*WHAT THIS TASK INVOLVES*
Return the tail of the records exactly, starting from the line containing "MOB（Mobilicom）股票，不复权叠加前复权及价格单位额" and ending with the final line.

[[ DATASET EXTRACT open ]]

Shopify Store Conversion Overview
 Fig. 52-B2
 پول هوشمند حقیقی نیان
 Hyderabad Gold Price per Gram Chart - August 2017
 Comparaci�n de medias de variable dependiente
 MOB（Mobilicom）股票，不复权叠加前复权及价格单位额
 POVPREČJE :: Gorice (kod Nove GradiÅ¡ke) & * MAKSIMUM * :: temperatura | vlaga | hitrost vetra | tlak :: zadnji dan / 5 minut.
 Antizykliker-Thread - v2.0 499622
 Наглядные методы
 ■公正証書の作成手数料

[[ DATASET EXTRACT closed ]]

*EXERCISE OUTPUT*
 MOB（Mobilicom）股票，不复权叠加前复权及价格单位额
 POVPREČJE :: Gorice (kod Nove GradiÅ¡ke) & * MAKSIMUM * :: temperatura | vlaga | hitrost vetra | tlak :: zadnji dan / 5 minut.
 Antizykliker-Thread - v2.0 499622
 Наглядные методы
 ■公正証書の作成手数料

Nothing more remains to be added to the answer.